Windows Server 2019 Automation with PowerShell Cookbook - Third Edition

By : Thomas Lee
Book Image

Windows Server 2019 Automation with PowerShell Cookbook - Third Edition

By: Thomas Lee

Overview of this book

Windows Server 2019 is the latest version of Microsoft’s flagship server operating system. It also comes with PowerShell Version 5.1 and offers a number of additional features that IT professionals will find useful. This book is designed to help you learn how to use PowerShell and manage the core roles, features, and services of Windows Server 2019. You will begin by creating a PowerShell Administrative Environment that features updated versions of PowerShell, the Windows Management Framework, .NET Framework, and third-party modules. Next, you will learn to use PowerShell to set up and configure Windows Server 2019 networking and understand how to manage objects in the Active Directory (AD) environment. The book will also guide you in setting up a host to utilize containers and deploying containers. Further along, you will be able to implement different mechanisms to achieve Desired State Configuration. The book will then get you up to speed with Azure infrastructure, in addition to helping you get to grips with setting up virtual machines (VMs), websites, and file share on Azure. In the concluding chapters, you will be able to deploy some powerful tools to diagnose and resolve issues with Windows Server 2019. By the end of this book, you will be equipped with a number of useful tips and tricks to automate your Windows environment with PowerShell.
Table of Contents (19 chapters)
Windows Server 2019 Automation with PowerShell Cookbook Third Edition
Foreword
Contributors
Preface
Index

Preface

PowerShell was first introduced to the world at the Professional Developer's conference in Los Angeles in 2003 by Jeffrey Snover. Code-named Monad, it represented a complete revolution in management. A white paper written around that time, The Monad Manifesto (refer to http://www.jsnover.com/blog/2011/10/01/monad-manifesto/) remains an amazing analysis of the problem at the time – that of managing large numbers of Windows systems. A key takeaway is that the GUI does not scale, whereas PowerShell does.

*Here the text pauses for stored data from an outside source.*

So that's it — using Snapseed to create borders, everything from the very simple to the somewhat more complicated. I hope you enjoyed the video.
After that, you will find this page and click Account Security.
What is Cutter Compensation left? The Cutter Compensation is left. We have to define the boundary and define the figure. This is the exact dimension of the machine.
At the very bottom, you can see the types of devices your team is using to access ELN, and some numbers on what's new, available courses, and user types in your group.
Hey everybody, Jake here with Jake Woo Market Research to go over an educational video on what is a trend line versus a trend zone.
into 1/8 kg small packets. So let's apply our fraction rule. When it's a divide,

PowerShell has transformed the management of complex, network-based Windows infrastructure, and, increasingly, non-Windows infrastructure. Knowledge of PowerShell and how to get the most from PowerShell is now obligatory for any professional IT Pro. The popular adage continues to be true: Learn PowerShell or learn golf.

This book takes you through the use of PowerShell in a variety of scenarios using many of the rich set of features included in Windows Server 2019. This preface provides you with an introduction to what is in the book, along with some tips on how to get the most out of it.

What this book covers

Chapter 1, Establishing a PowerShell Administrative Environment, looks at setting up your work station and your environment to make use of PowerShell.

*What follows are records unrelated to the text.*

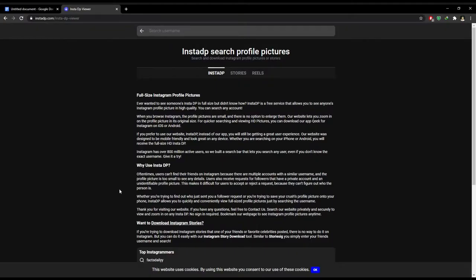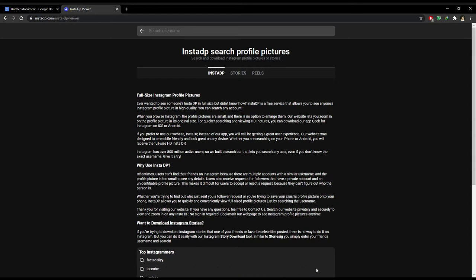In today's super quick video, I will show you how to view a full size Instagram profile photo. To do so, open the website instadp.com. You can find the link to this website in the description of this video.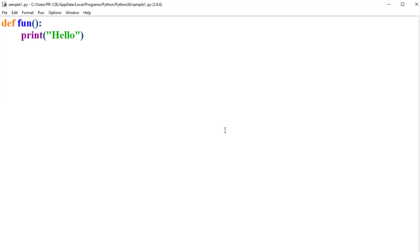So that's how pass can be used as a filler statement — with control structures, functions, and even classes. I hope you now understand when you can use the pass statement as a filler statement in Python. Thank you for watching this video.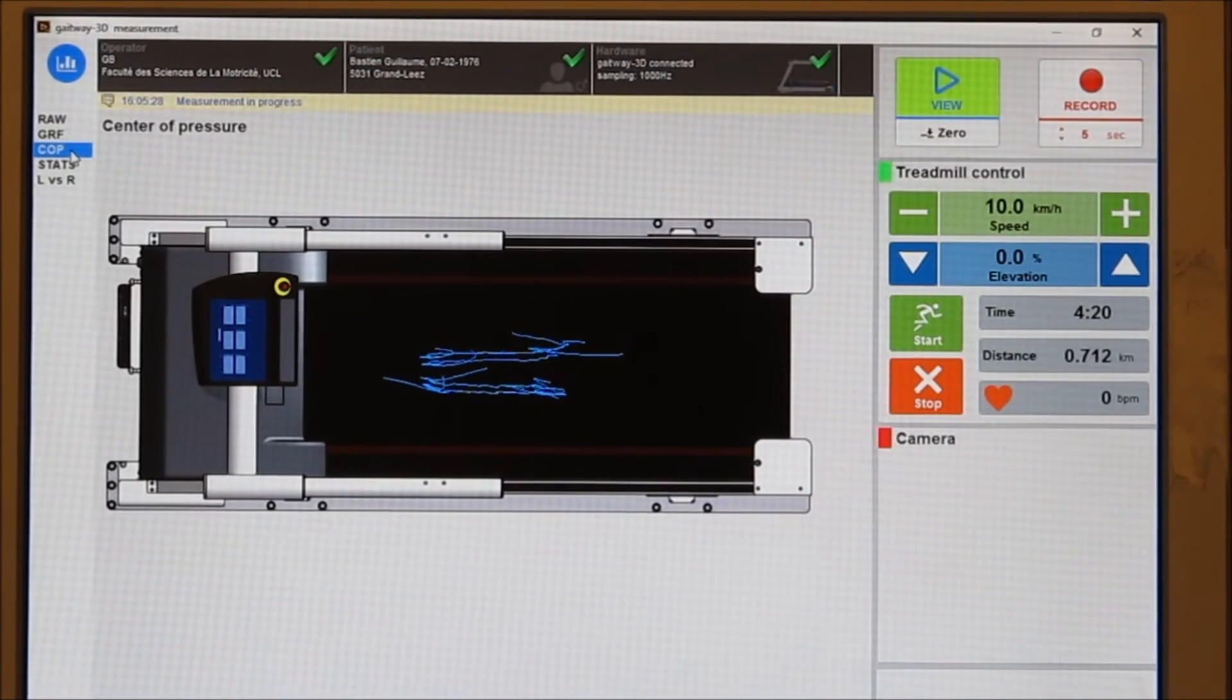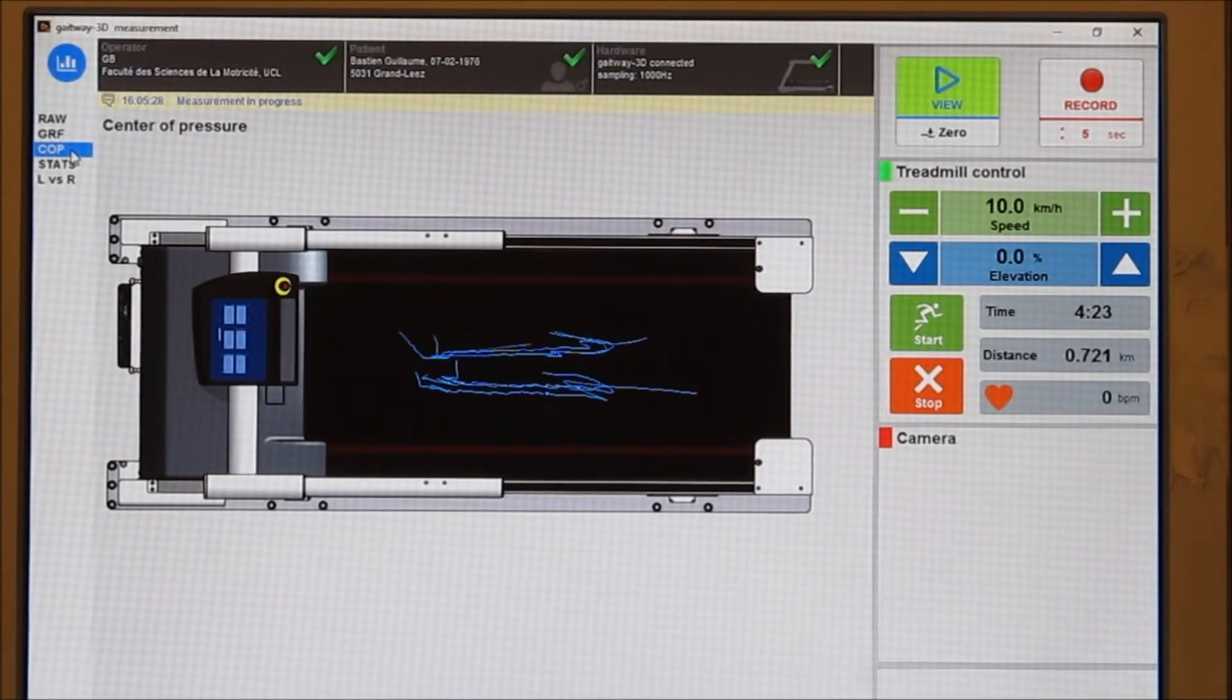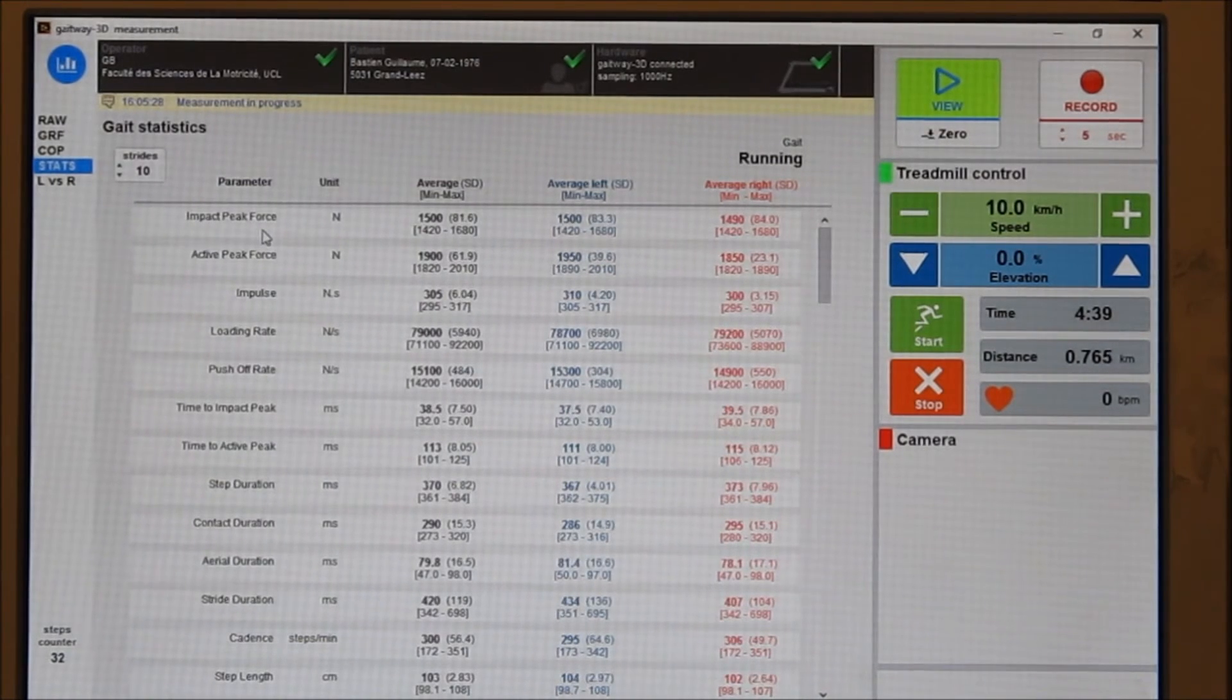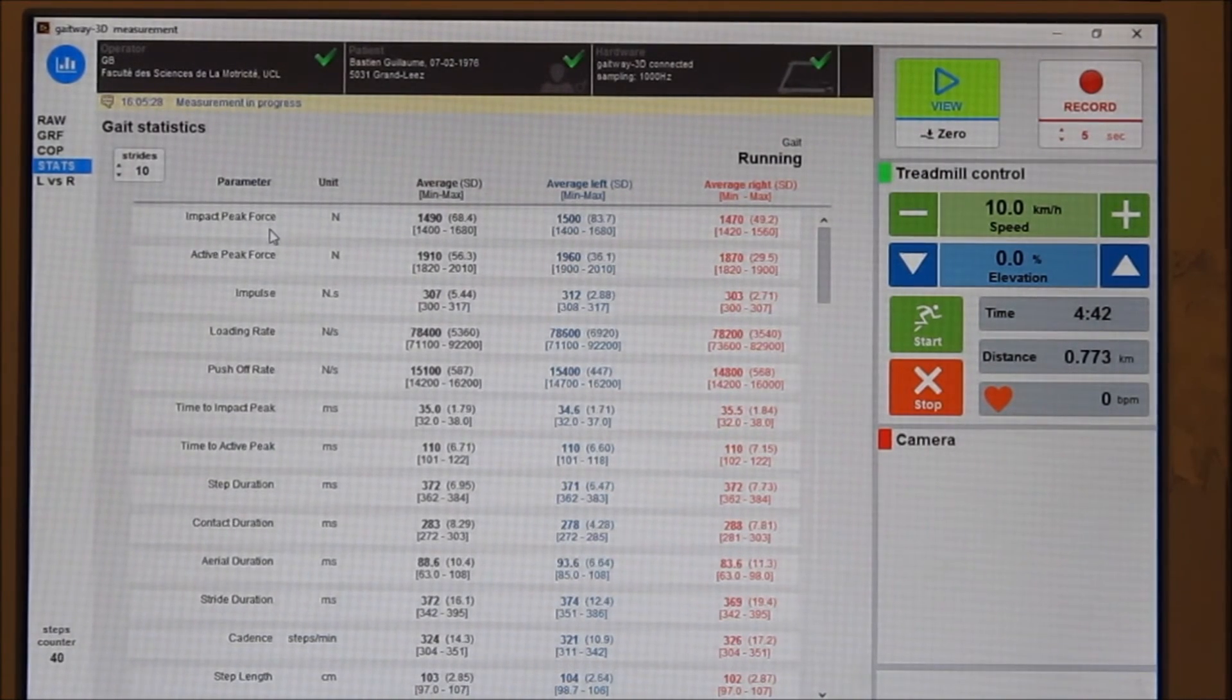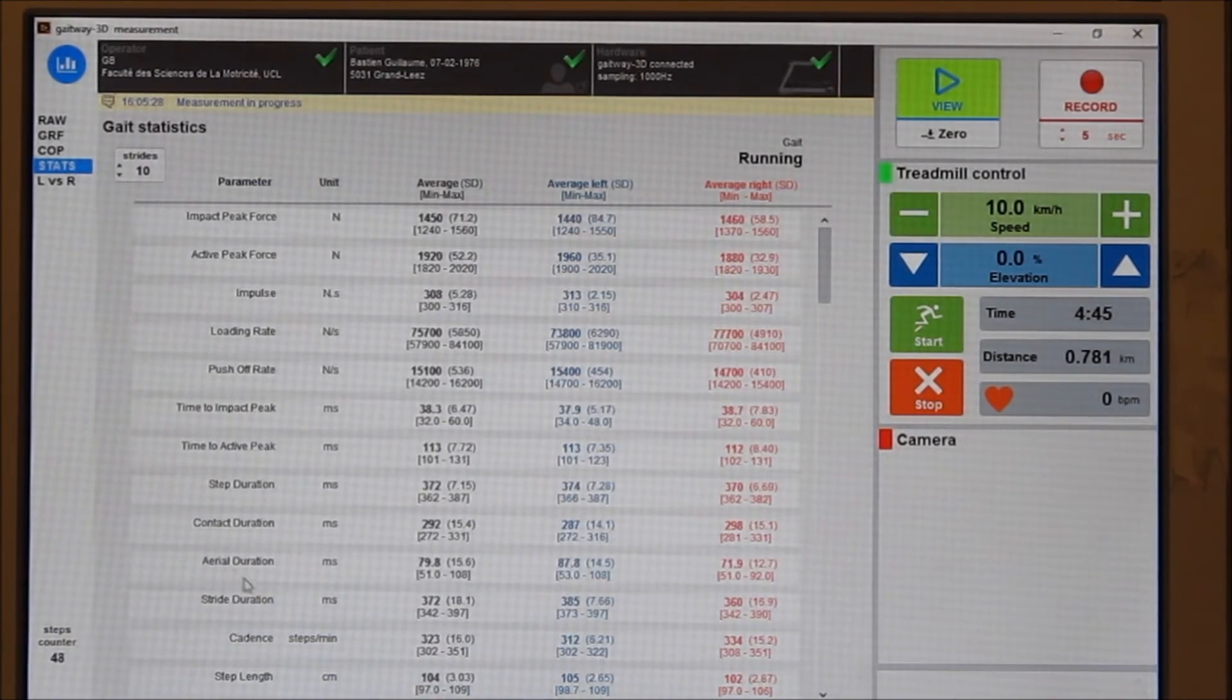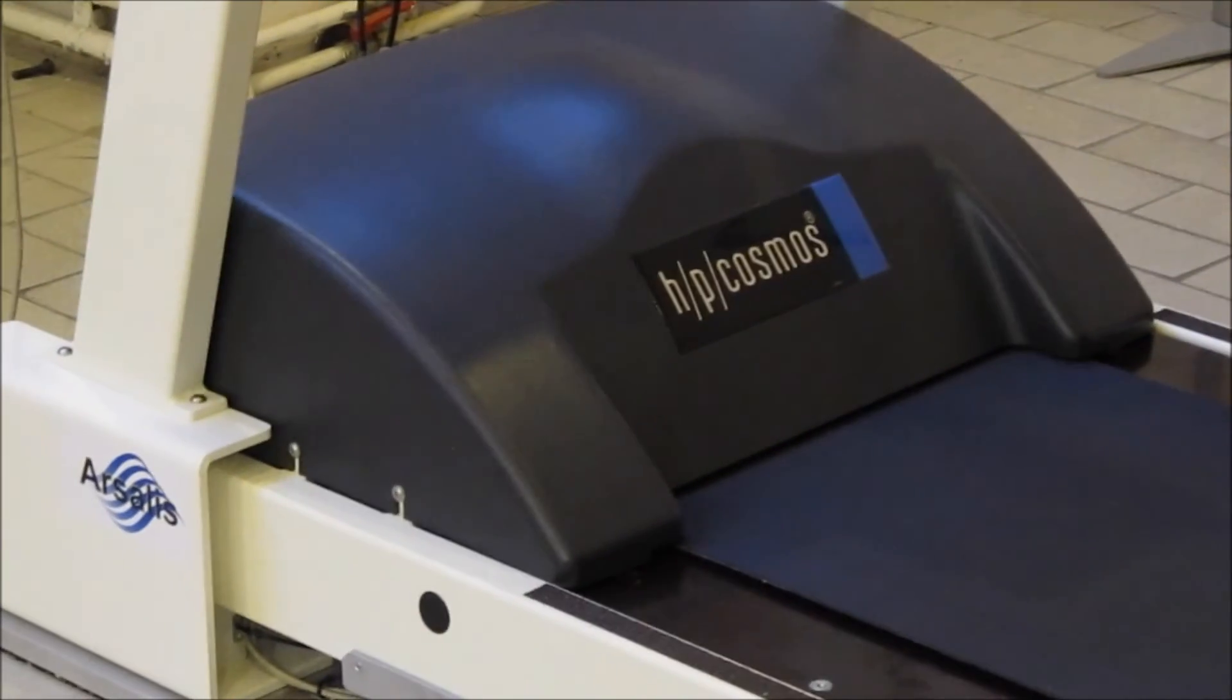The trajectory of the center of pressure is now quasi-linear under each foot. The list of parameters is also adapted to the running gait. It now includes the impact peak force that precedes the active force. The time of contact and aerial phases are also determined during the stride.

Chapter 2, Managing Windows Networking, shows you how to manage Windows networking with PowerShell. Networks are today central to almost every organization and this chapter looks at a variety of network-related tasks, including looking at new ways (with PowerShell) to do old things, setting up DNS, DHCP, and Active directory.

Chapter 3, Managing Windows Active Directory, examines how to install, manage and leverage Active Directory, including managing AD objects and Group Policy.

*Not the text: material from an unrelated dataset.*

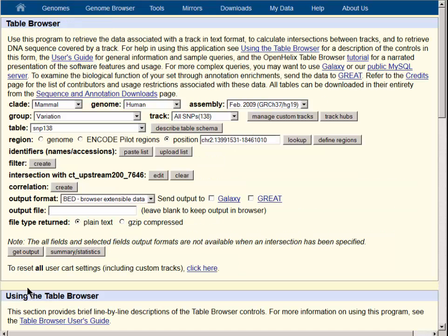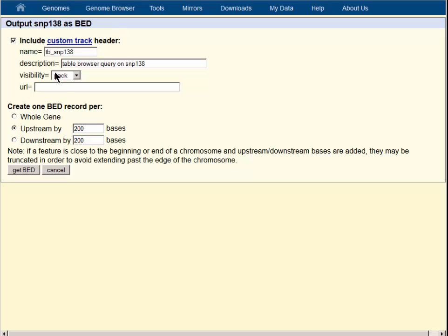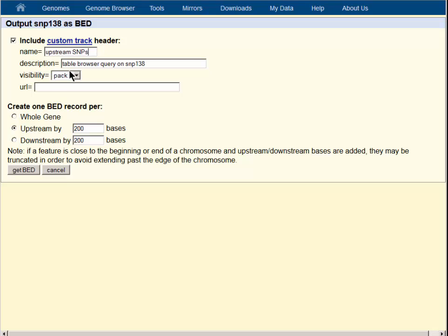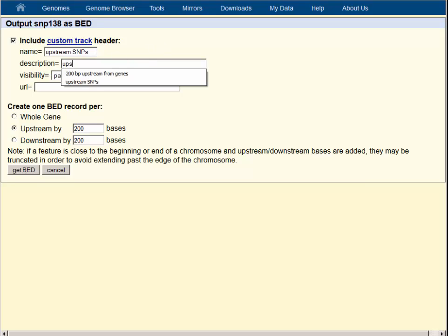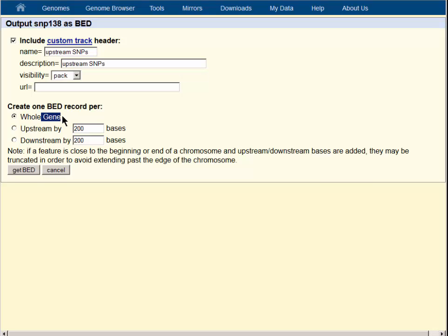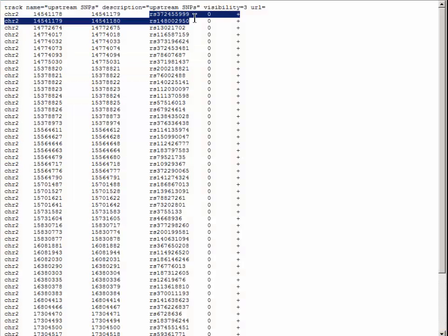Here's where we choose our output data format. Once again, we will choose browser extensible data and get our output. Let's include a custom track header here as well so that we can see on the browser the results of our work. We will call this upstream SNPs and we will get one bed record per SNP, and then the get bed choice gives us our SNPs.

Chapter 4, Managing Windows Storage, looks at managing storage in Windows Server 2019.

Chapter 5, Managing Shared Data, examines different ways to share data with Windows Server and PowerShell including SMB shares, iSCSI and Distributed File System.

Chapter 6, Managing Windows Update, helps you get to grips with managing updates via Windows Update. With the importance of keeping all your Windows clients and servers fully patched.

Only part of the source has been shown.